Now, let's let the effect of `x` vary by `w`. To do this, we need to fit a model with an interaction term. Mathematically, we are just including a new variable that equals the product of `x` and `w`. The coefficient on this term will show how the coefficients on the constituent terms ($\hat{\beta_{x}}$ and $\hat{\beta_{w}}$) *change* as the product of the two variables moves up or down.

First, we fit the model and examine the estimates.

In [None]:
m3 <- lm(y ~ x*w + factor(z), data = fake)
summary(m3)


Interpreting regression models is difficult! What can we say from this output? 

It helps to graph the *marginal effects* of a key predictor variable of interest. These marginal effects show the estimated relationship between the predictor and $\hat{Y}$ across the values of the other predictor variable interacted with it. Let's plot the marginal effect of `w` by `x` using the `marginaleffects` package.

In [None]:
# first, calculate the marginal effects using avg_slopes()
# we want the effect of w
# and x will be on the x axis

mfx <- avg_slopes(m3, variables="w", by="x")

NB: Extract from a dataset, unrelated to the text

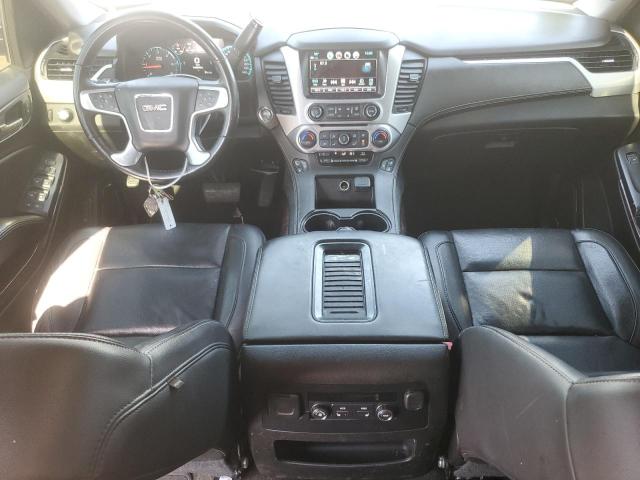  GMC YUKON 2017 Сріблястий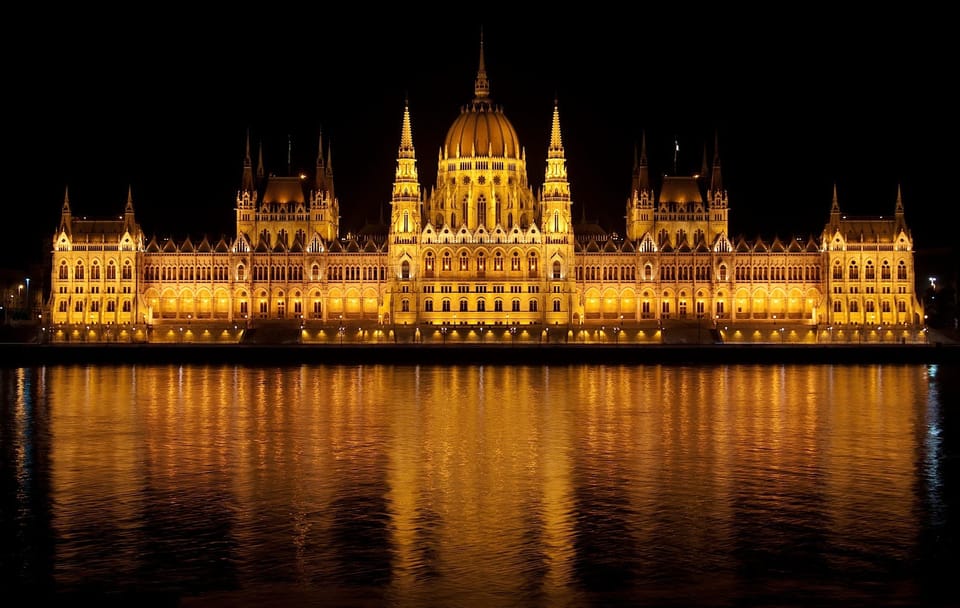 Private Van Tour of Prague, Vienna, and Budapest - 9 Days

# check the stored data frame
mfx

# now plot the data
# geom_ribbon plots the confidence interval as a shaded region
ggplot(data = mfx, aes(x = x)) +
    geom_line(aes(y = estimate)) + 
    geom_ribbon(aes(ymin = conf.low, ymax= conf.high), color = "grey", alpha = .3) + 
    theme_minimal()

Using the graph, we can see that the marginal effect of `w` is positive when `x` is low but negative when `x` is high. It is significantly different from 0 whenever the shaded confidence interval does not include 0.